We can recover everything about the file except for its name.

System 3

Update order:

  • Data Block
  • Inode
  • Inode Bitmap
  • Data Bitmap
  • Directory

Inconsistency: file 3 is not in the directory

Inconsistency: file 3 points to blocks D4 and D5, but they are not marked as used in the bitmap.

 

The inodes are marked as used in the inode bitmap, so this must have failed between inodde and data bitmap updates.

We can recover everything about the file except for its name.

System 4

Update order:

  • Data Block
  • Inode
  • Inode Bitmap
  • Data Bitmap
  • Directory

Something is funny about file 1...

  • It's not in the directory
  • It's inode isn't allocated
  • It's data block isn't allocated

What happened here?

Two possibilities:

  • We failed after writing inode but before updating bitmaps.
  • We deleted the file by unsetting its data + inode bitmaps!
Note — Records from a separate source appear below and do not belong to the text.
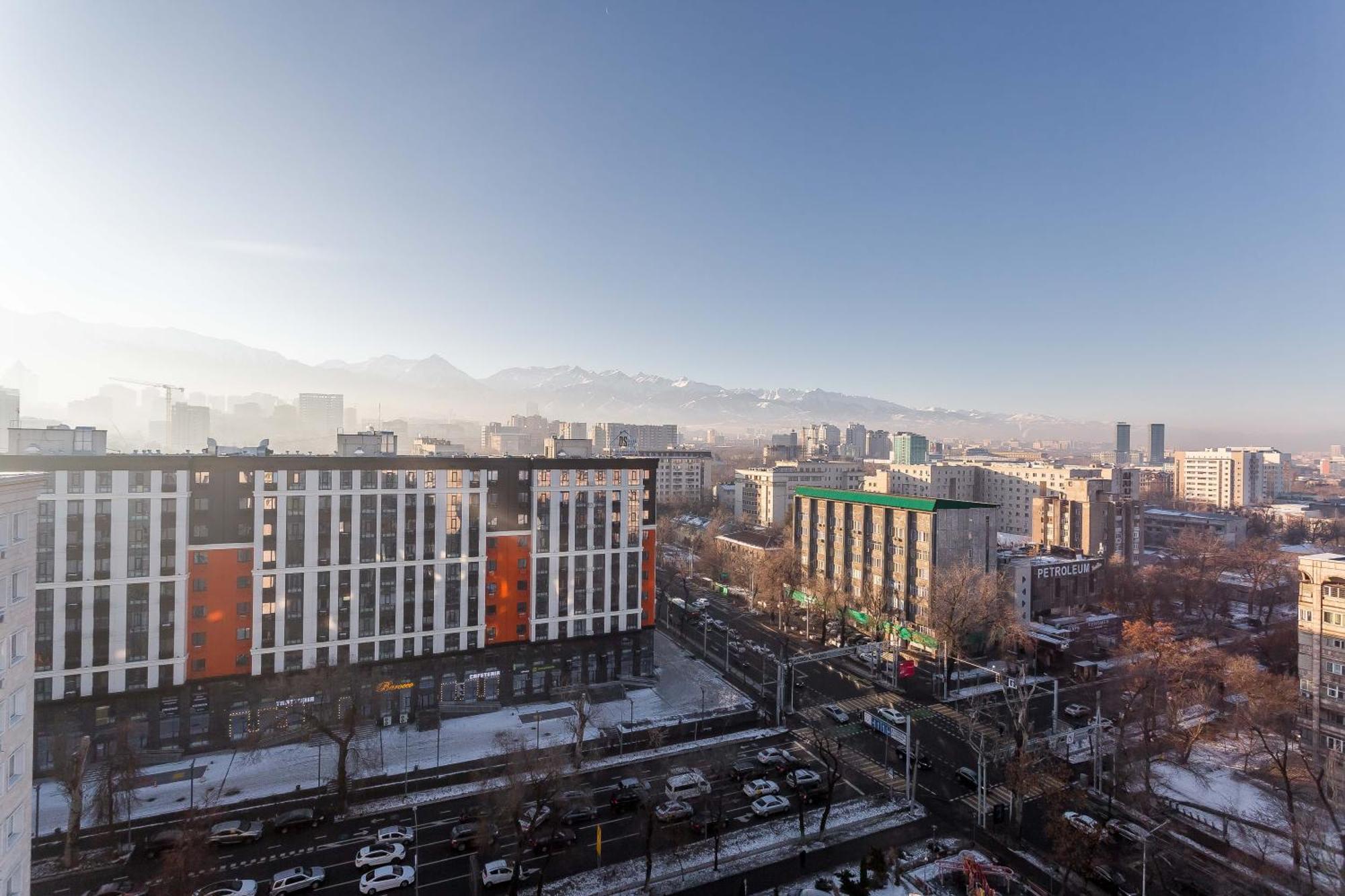 Квартира С Видом На Горы Almaty Bagian luar foto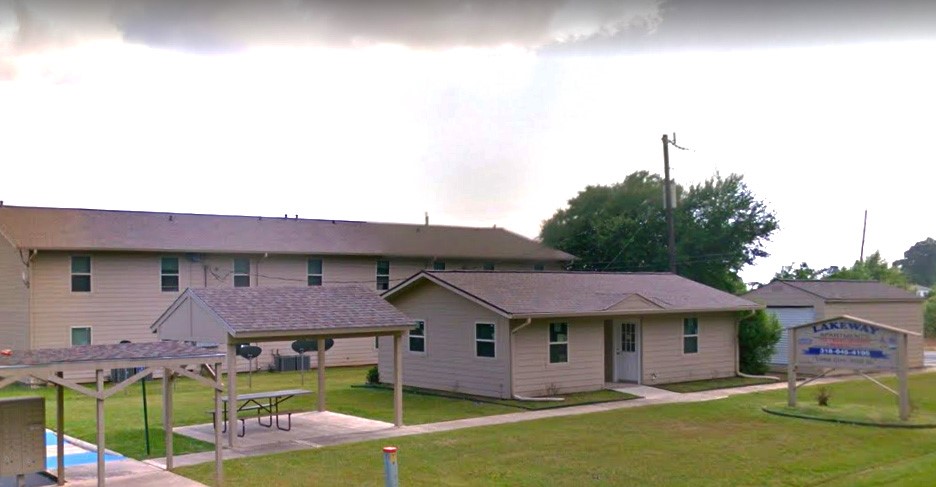 522 Oak Street Zwolle, LA 71486 - Photo 2 of 7 a front view of a house with garden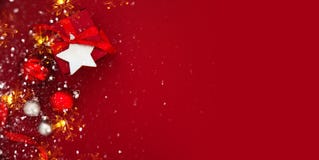 Boże Narodzenia i nowego roku wakacje tło Xmas kartka z pozdrowieniami chłopiec wakacji lay śniegu zima obrazy stock Boże Narodzenia i nowego roku wakacje tło Xmas kartka z pozdrowieniami chłopiec wakacji lay śniegu zima obrazy stock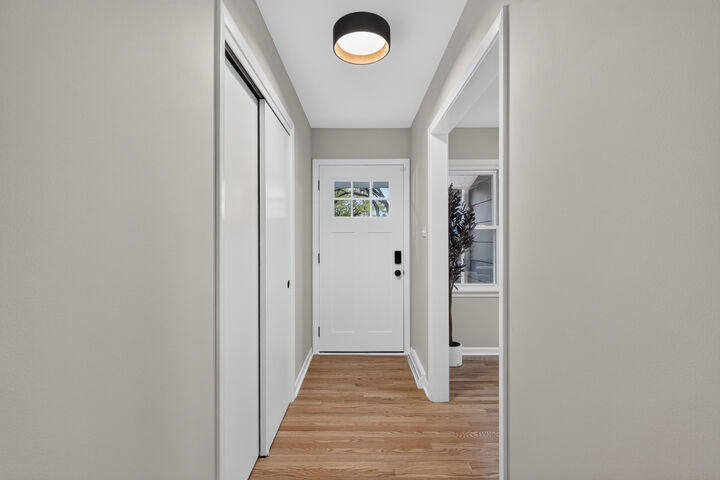 Property Photo:  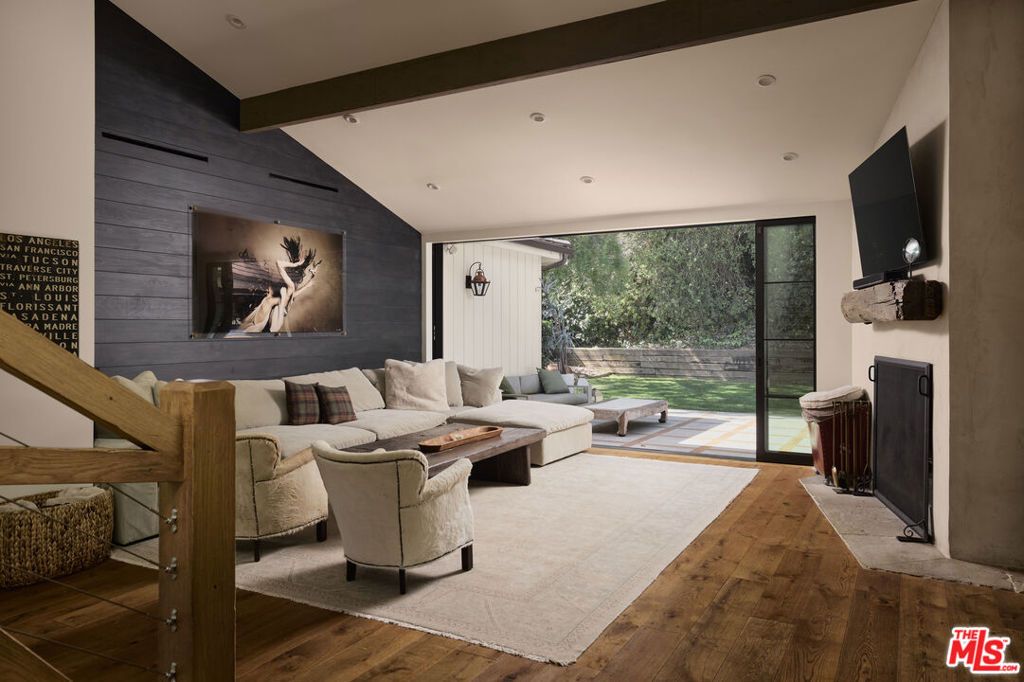 Image 11 of property listing at 2835 Westbrook Avenue, Los Angeles, CA 90046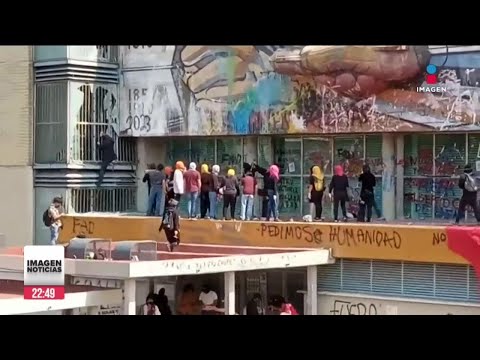 Encapuchados vandalizan mural de Siqueiros en Rectoría de la UNAM | Ciro Gómez Leyva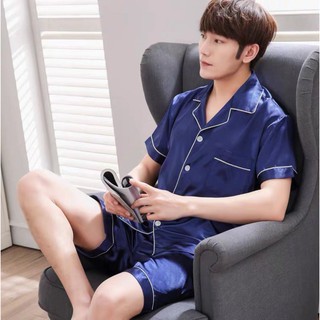 ภาพหน้าปกสินค้า3333-1 ชุดนอนผู้ชายแขนสั้นขาสั้นน่ารักๆผ้าซาตินนิ่มใส่สบาย สีสวยสด สไตล์เกาหลี (สินค้าพร้อมส่ง) ที่เกี่ยวข้อง
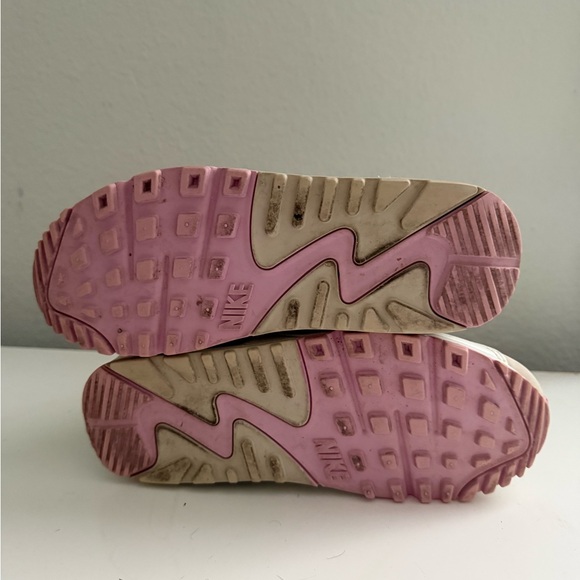 Nike Women's Sneakers - Cream and Pink - Picture 5 of 7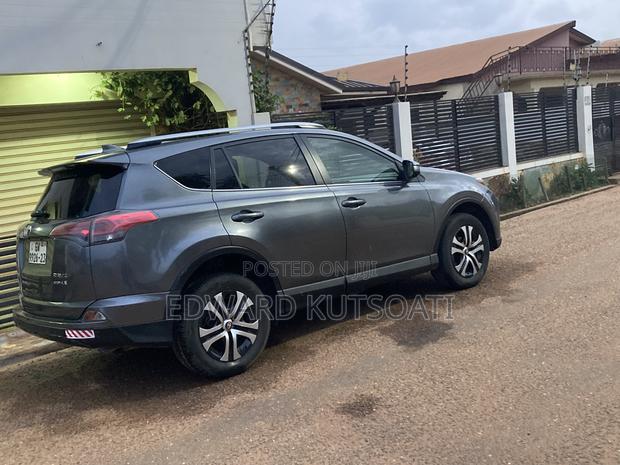 Toyota RAV4 LE AWD (2.5L 4cyl 6A) 2016 Gray
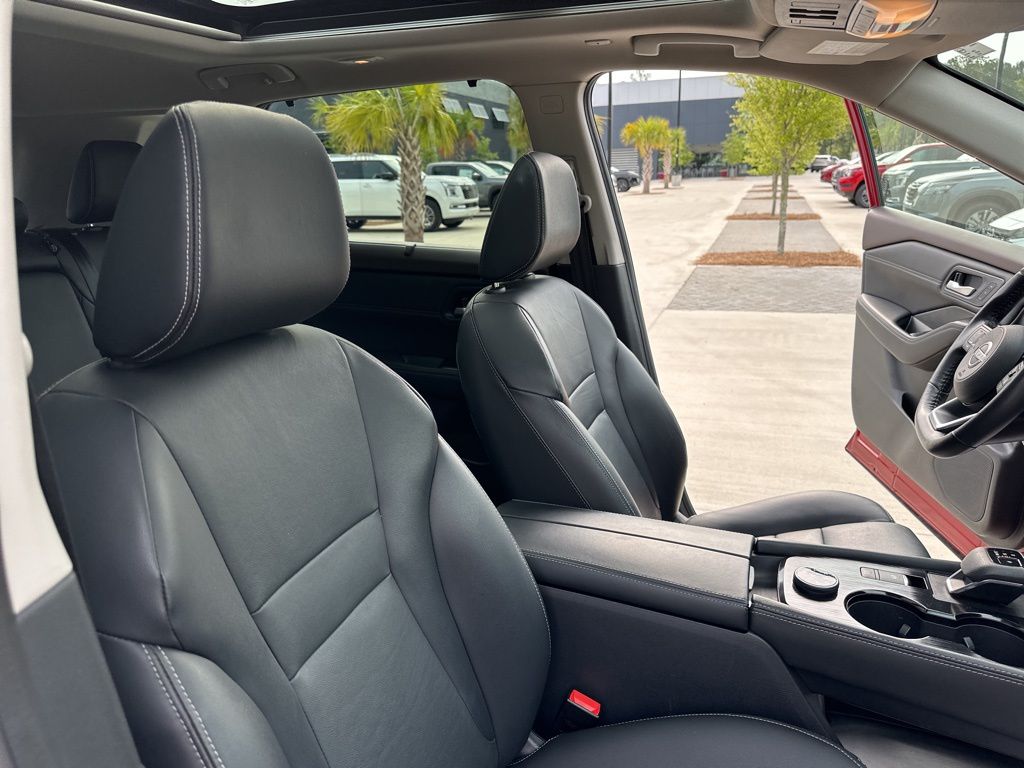 2023 Scarlet Ember Tintcoat Nissan Rogue SL AWD SUV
Conclusion: failing before inode bitmap update is the same as failing in first two steps: looks like file creation never happened.

Problems with fsck

  • Not a very principled approach (what if there's some edge case we haven't thought about that breaks everything?)
     

  • Tricky to get correct: even minor bugs can have catastrophic consequences
     

  • Write-through caching on metadata leads to poor performance
     

  • Recovery is slow. At bare minimum, need to scan:

    • inode bitmap

    • data block bitmap

    • every inode (!!)

    • every directory (!!!)

    Possibly even more work if something is actually inconsistent.

Problems with fsck

What if we need operations on multiple files to occur as a unit?

Problems with fsck

What if we need operations on multiple files to occur as an indivisible unit?

Problems with fsck

What if we need operations on multiple files to occur as an indivisible unit?

What are these things called?

Problems with fsck

What if we need operations on multiple files to occur atomically?

Solution: use transactions.

Transactions + Journaling

Part 2: Electric Boogaloo

Transactions (Review)

Transactions group actions together so that they are:

  • atomic -- either they all happen or none of them happen
  • serializable -- transactions appear to happen one after another
  • durable -- once a transaction is done, it sticks around

To achieve these goals, we tentatively apply each action in the transaction.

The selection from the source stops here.